Deep Learning-Based Talking Heart Eases the Identification of Abnormal Cardiac Sounds in Phonocardiogram Recordings

Mohanad Alkhodari, Leontios Hadjileontiadis, Ahsan Khandoker
Khalifa University


Introduction: The assessment of congenital heart diseases is achieved non-invasively through cardiac auscultation and analysis of irregular heart sounds in phonocardiogram (PCG) recordings. However, the visual interpretation of thousands of patient recordings is still considered a stressful, time-consuming, and erroneous diagnosis task. Methods: Here, we propose a novel deep learning approach, named talking heart, based on 12 multi-head attention blocks to generate transformer-encoded features that resemble text transformation of cardiac sounds, and thus, make it easier to automatically discriminate murmurs from normal heart sounds. In this approach, we used a pre-trained wav2vec network on 960 hours speech data to extract convolutional neural network (CNN)-based features of the input PCG signals. Then, we passed the features to the multi-head attention and feed-forward blocks to generate the final transformer-encoded features.

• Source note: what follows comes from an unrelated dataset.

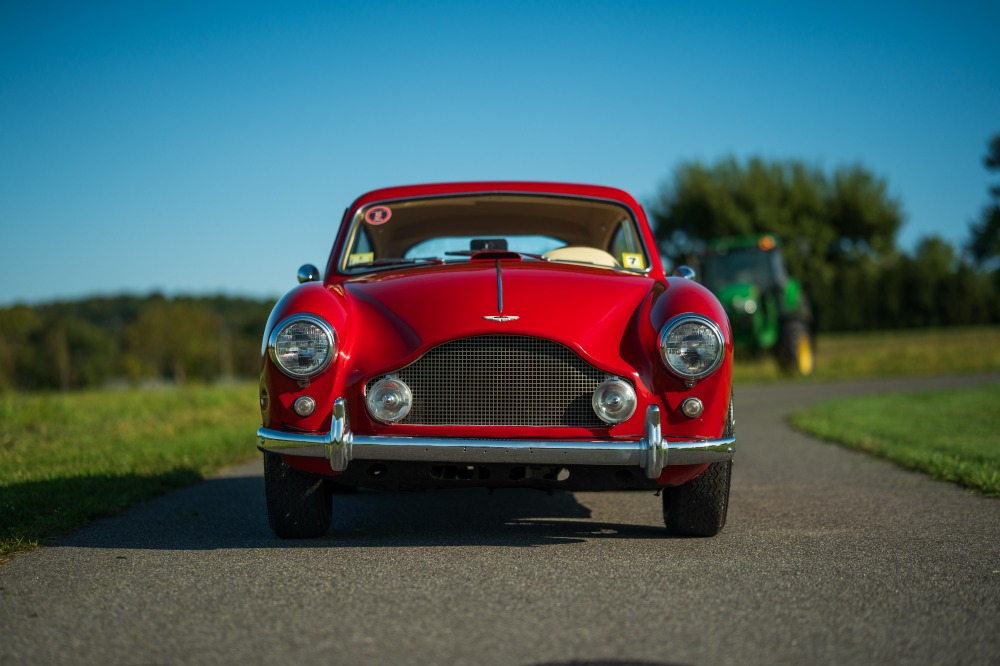 Used 1959 Aston Martin DB MK III   | Astoria, NY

Lastly, we feed these features as an input to a four-block generic temporal convolutional network (TCN) that applies sequential one-dimensional (1D) convolutions for training and prediction. Results: Our team, Care4MyHeart, achieved a challenge score of 1407 during the unofficial phase and an overall 10-fold cross-validation area under the receiver operating characteristics (AUROC), area under the precision-recall curve (AUPRC), accuracy, F-measure, and challenge score of 0.84, 0.76, 0.74, 0.66, and 1528, respectively. Conclusion: This study paves the way towards implementing deep learning for the detection of abnormal heart sounds, thus, congenital diseases could be well-treated at an early stage of patient life.